Sicurezza e adattamento. In base all’esposizione fin qui fatta dobbiamo concludere che, visto sotto l’aspetto naturale, l’uomo è un essere inferiore. Ma questa inferiorità, da cui è affetto, e che percepisce nella coscienza come sentimento di minorazione e di insicurezza, agisce da stimolo costante, che lo spinge a trovare una via atta a realizzare l’adattamento a tale vita e a preoccuparsi per creare delle situazioni in cui gli svantaggi della sua condizione umana nell’ambito della natura vengano compensati. E furono qui di nuovo ancora le sue facoltà psichiche che gli poterono procurare adattamento all’ambiente e sicurezza. Molto piú gravoso sarebbe stato cavar fuori dall’uomo-bestia primitivo un esemplare capace di tener fronte all’ostile natura mediante appendici come corna, artigli o zanne. In effetti, solo l’organo psichico era in grado di procurare aiuti tali da sopperire alle carenze organiche dell’uomo. E precisamente lo stimolo nato dal continuo sentimento dell’insufficienza, fece sí che l’uomo sviluppasse la previsione e portasse l’anima a quello sviluppo che oggi ci ritroviamo come organo del pensiero, del sentimento e dell’azione. E poiché in tali aiuti, in tali sforzi di adattamento, giocava un ruolo essenziale anche la società, l’organo psichico dovette fare i conti fin dall’inizio coi condizionamenti della comunità. Tutte le sue capacità si sono sviluppate su questa base e quindi portano con sé la tinta di una vita sociale. Ogni pensiero dell’uomo dovette assumere impronte tali da lasciar trasparire gli attributi tipici di una comunità.

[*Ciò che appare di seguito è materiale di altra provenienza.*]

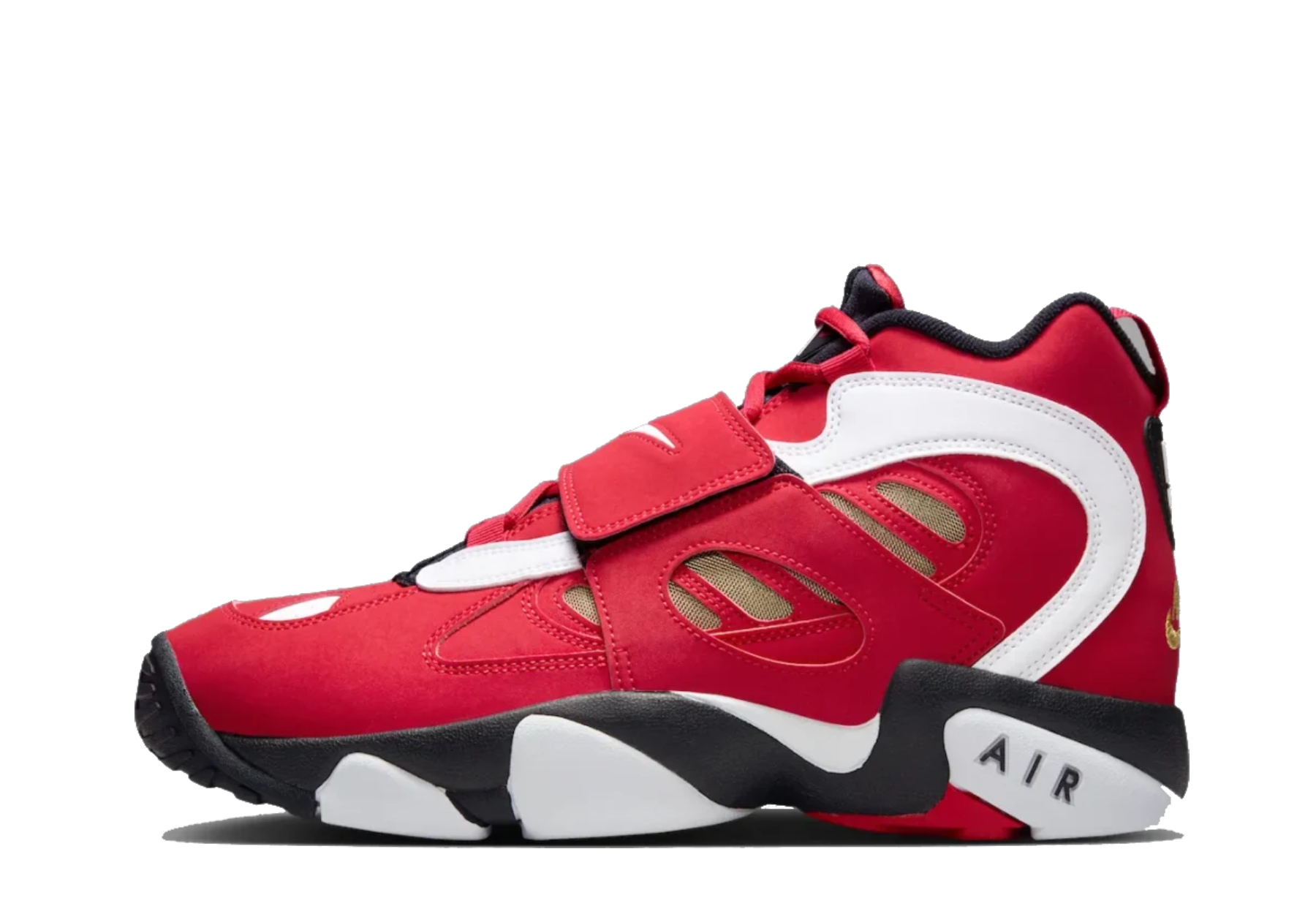 Nike Air Diamond Turf 2 'Prime Red' (2026) Red/Black-Metallic Gold-White sneaker – authenticated on KLEKT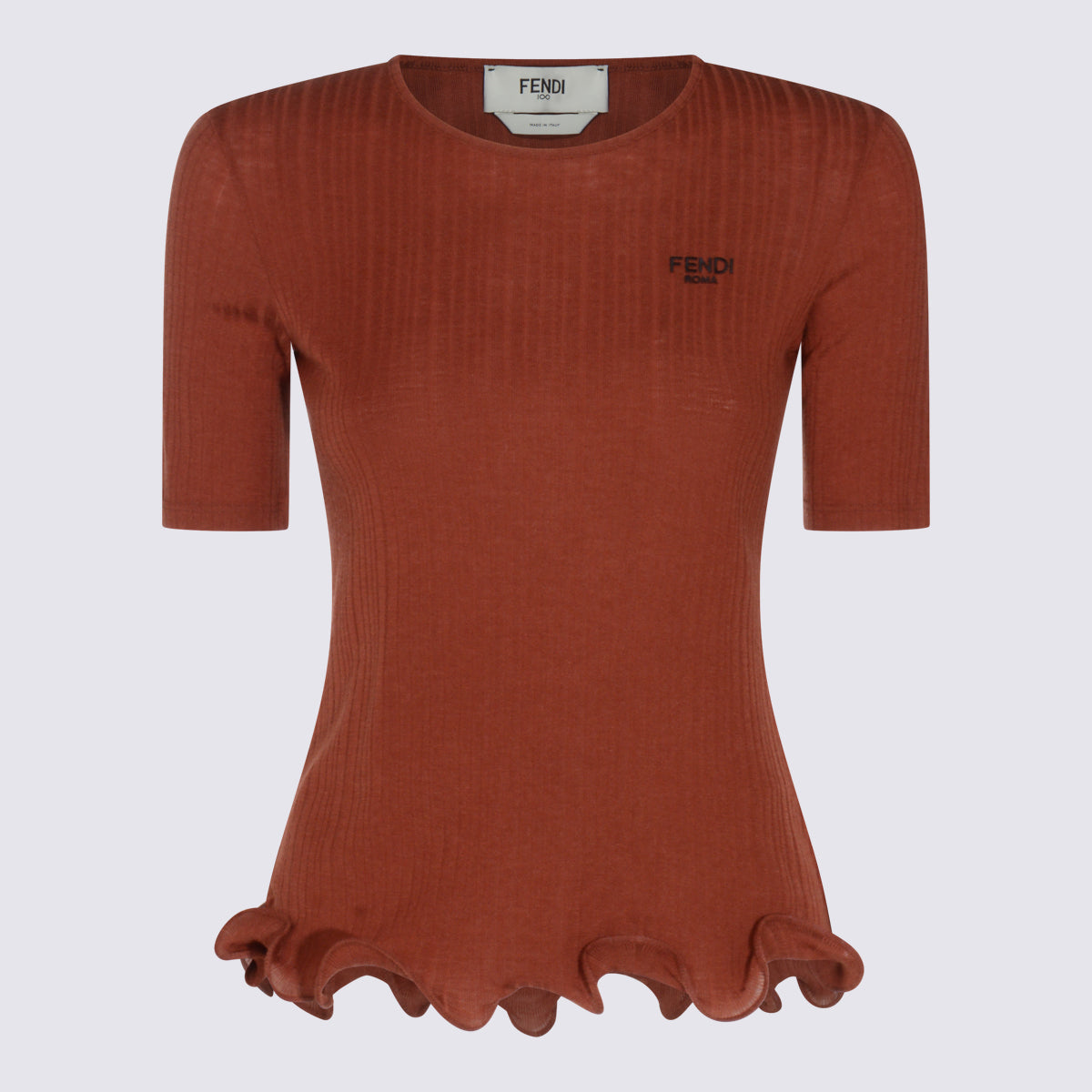 Fendi Sweaters Rust _wv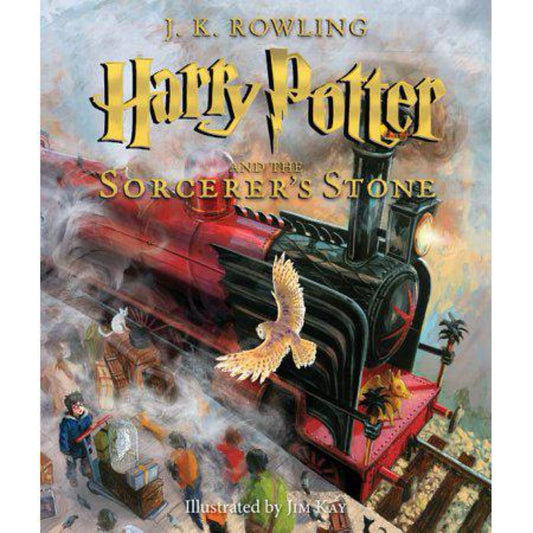 Harry Potter and the Sorcerer's Stone: The Illustrated Edition (Harry Potter, Book 1) by J.K. Rowling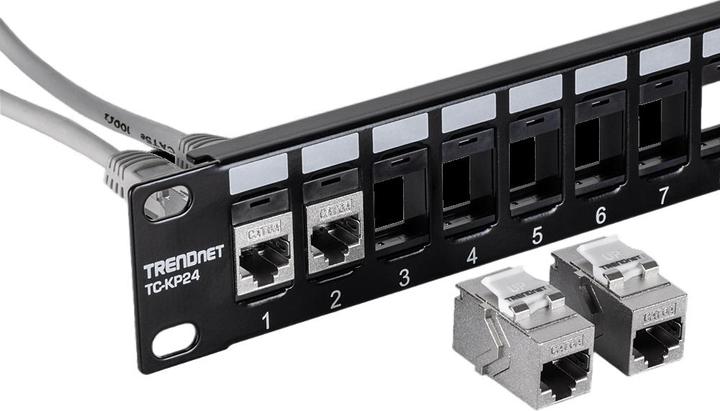 Produktbild Trendnet Cat6A RJ-45 Keystone Inline (Keystone Modul)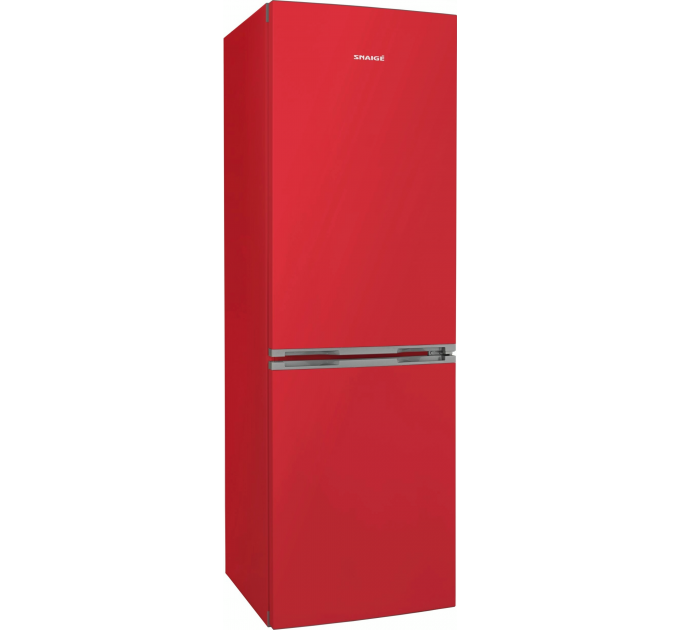 Холодильник Snaige с нижн. мороз., 194.5x60х65, холод.отд.-191л, мороз.отд.-119л, 2дв., A++, ST, красный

Se ora ci si rappresenta come progredirono ulteriormente le cose, si arriva alle origini della logica con la sua intrinseca esigenza di universalità. Logico è soltanto ciò che è universale. Un ulteriore chiaro risultato della vita comunitaria lo troviamo nel linguaggio, opera meravigliosa che distingue l’uomo da tutti gli altri viventi. Non si può eliminare da quel tipico fenomeno che è il linguaggio, l’idea dell’universalità, il che indica la sua origine dalla vita sociale dell’uomo. Il linguaggio è del tutto superfluo per un essere che vive singolarmente. Si riferisce alla vita comunitaria degli uomini, è un suo prodotto e insieme un mezzo di collegamento. Una rigorosa dimostrazione di questo nesso sta nel fatto che uomini cresciuti in condizioni tali da rendere difficoltoso o impedire il loro contatto con altri uomini, o addirittura da rinunciare a tale contatto, quasi regolarmente possiedono un linguaggio o una capacità di linguaggio menomati. È come se tale vincolo si fosse potuto formare e conservare solo in funzione del contatto coll’umanità. Il linguaggio ha un significato straordinariamente profondo per lo sviluppo della vita psichica umana. Il pensiero logico è possibile soltanto presupponendo il linguaggio, il quale soltanto, attraverso la possibilità della concettualizzazione, ci mette in grado di stabilire distinzioni, formare concetti, cose che non sono proprietà privata ma pubblica. Anche il nostro pensiero e il nostro sentimento sono concepibili solo presupponendo l’universalità: la nostra gioia della bellezza riceve il suo fondamento solo nella comprensione che il sentimento e il riconoscimento del bello e del bene è universale. Cosí arriviamo a riconoscere che i concetti di ragione, di logica, di etica e di estetica possono avere la loro origine solo nella vita comunitaria dell’uomo, che essi però sono nello stesso tempo il cemento che protegge la cultura dalla decadenza.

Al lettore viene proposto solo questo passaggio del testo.